• _Exercise brief_
Your answer should hold exactly the lines beginning with the one that contains "Canine Comfort Quilted Blanket Golden Retriever Dad Gifts Canine" and ending with the last line of the material, both included. Leave every picture out.

Information given: Begin

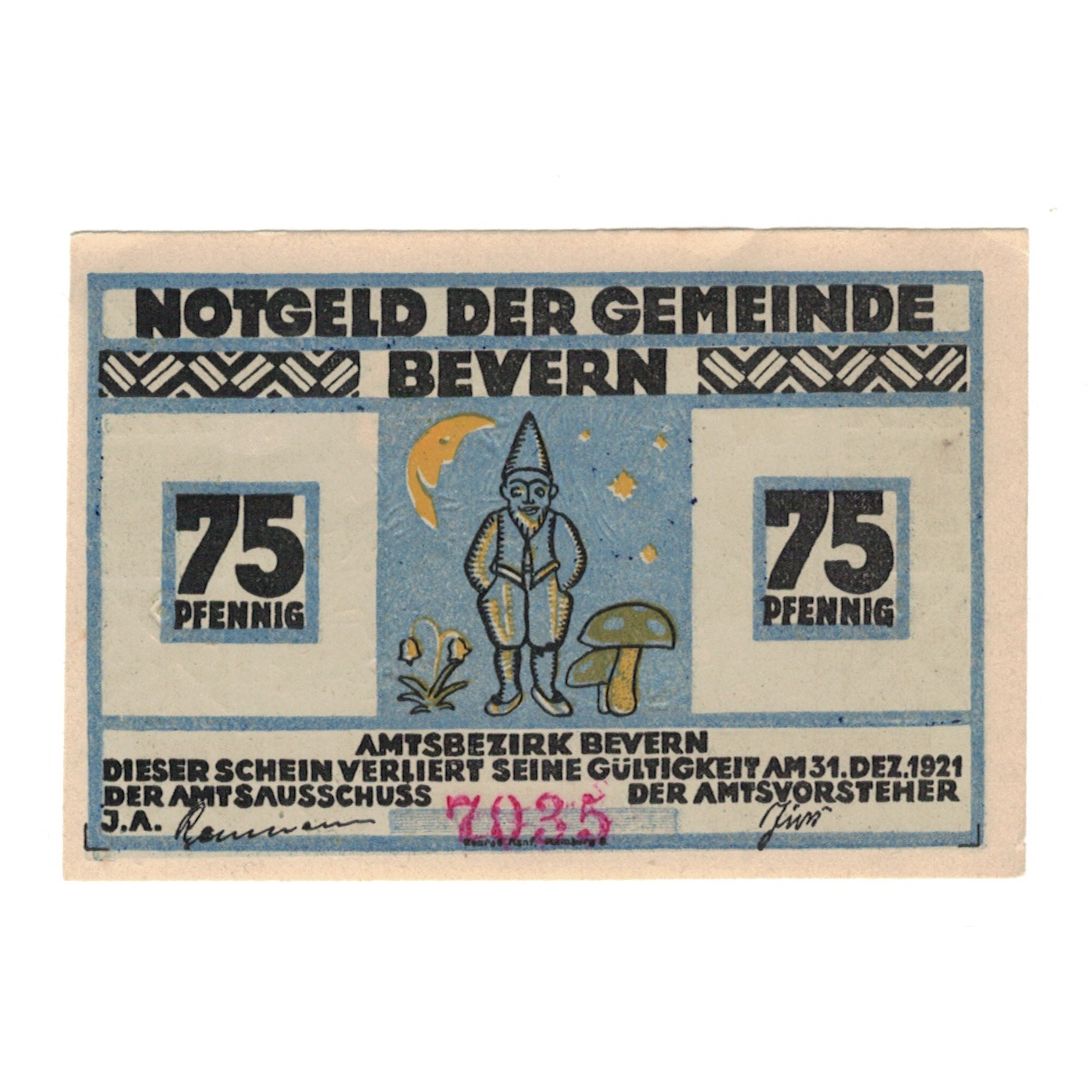Banconote, Germania, Bevern Gemeinde, 75 Pfennig, paysage, 1921, 1921-12-31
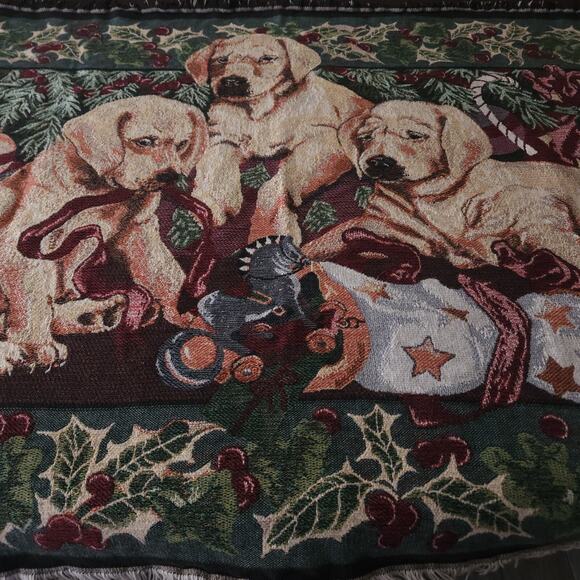 Goodwin Weavers Throw Blanket Dog Tapestry Green Christmas Cottage Vtg 44x65 USA - Picture 4 of 11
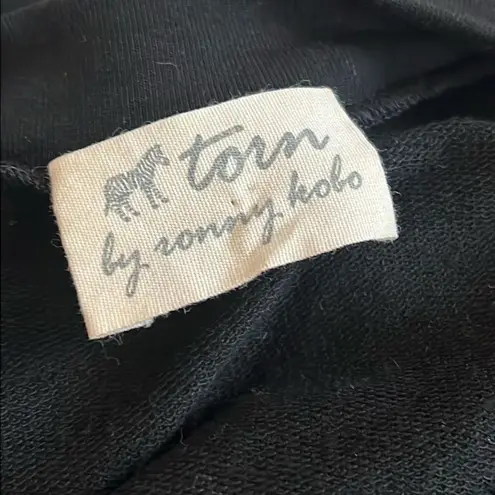 Torn By Ronny Kobo Black Long Sleeve Mini Dress Puffy Shoulders L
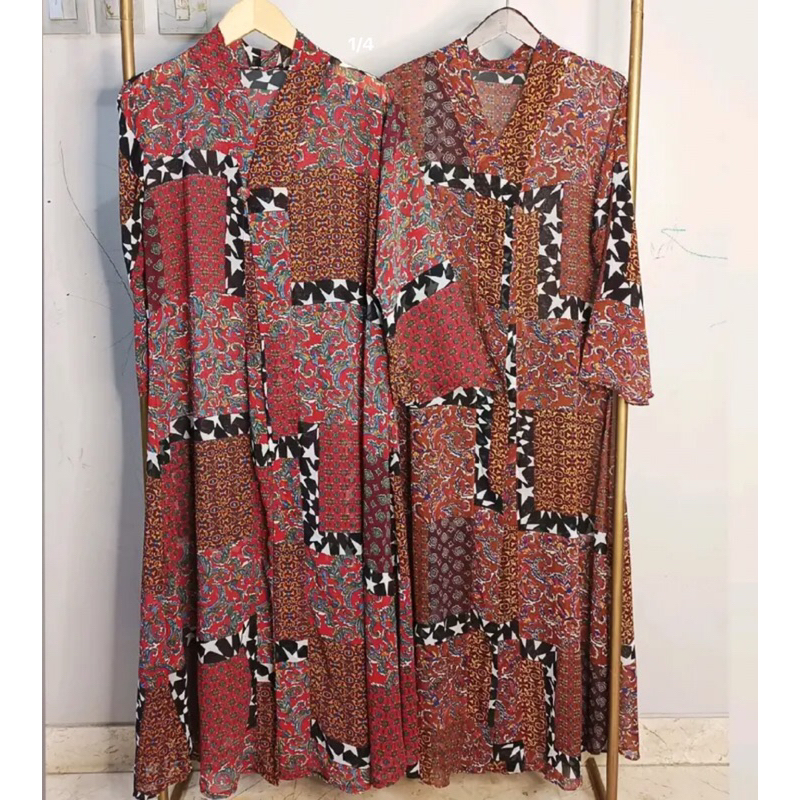 Outer ceruty panjang motif batik bintang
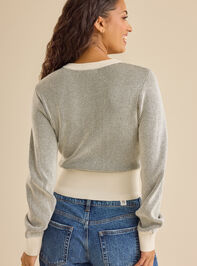 Lyla Banded Hem Stripe Sweater Detail 3 - TULLABEE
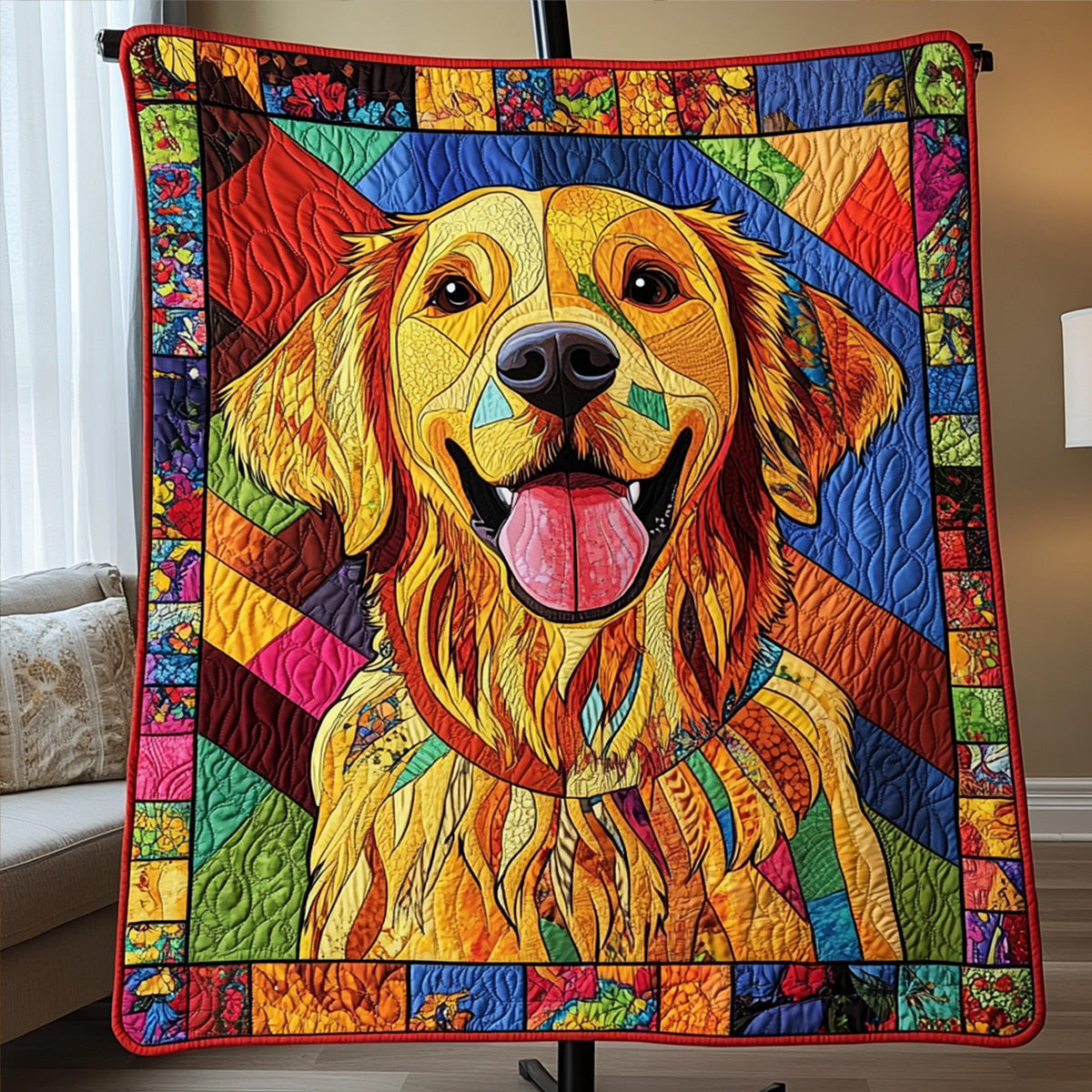 Canine Comfort Quilted Blanket Golden Retriever Dad Gifts Canine Comfort Quilted Blanket Golden Retriever Dad Gifts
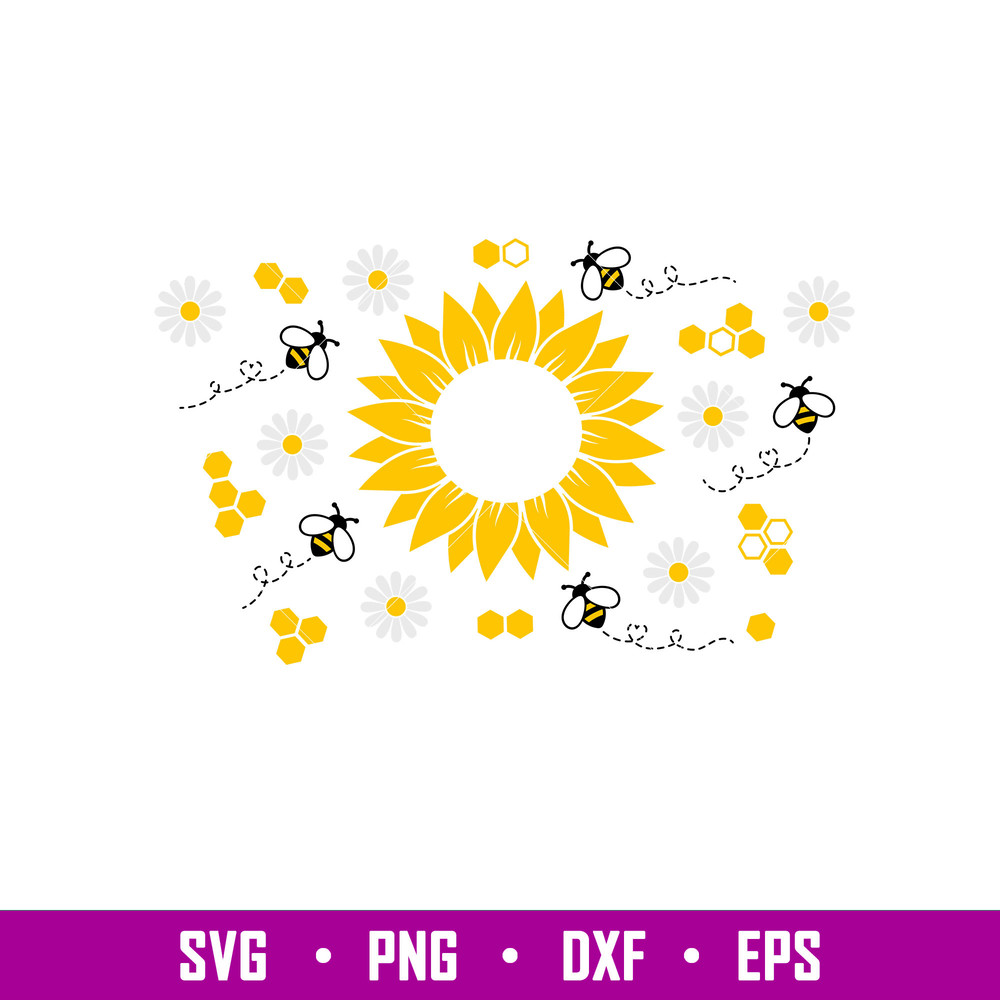 Sunflower Bees Full Wrap, Sunflower Bees Full Wrap Svg, Starbucks Svg, Coffee Ring Svg, Cold Cup Svg, png,dxf,eps file.jpg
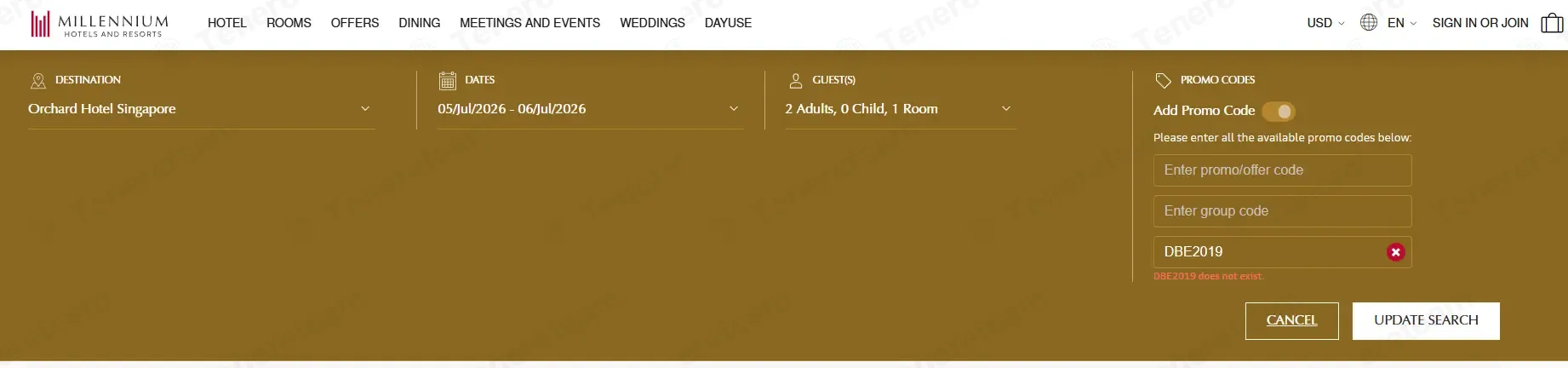 Millennium Hotels And Resorts coupon code: 15% off with DBE2019. Tested and valid as 3 weeks ago.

Information given: End

• _Finished task_
 Canine Comfort Quilted Blanket Golden Retriever Dad Gifts Canine Comfort Quilted Blanket Golden Retriever Dad Gifts
 Sunflower Bees Full Wrap, Sunflower Bees Full Wrap Svg, Starbucks Svg, Coffee Ring Svg, Cold Cup Svg, png,dxf,eps file.jpg
 Millennium Hotels And Resorts coupon code: 15% off with DBE2019. Tested and valid as 3 weeks ago.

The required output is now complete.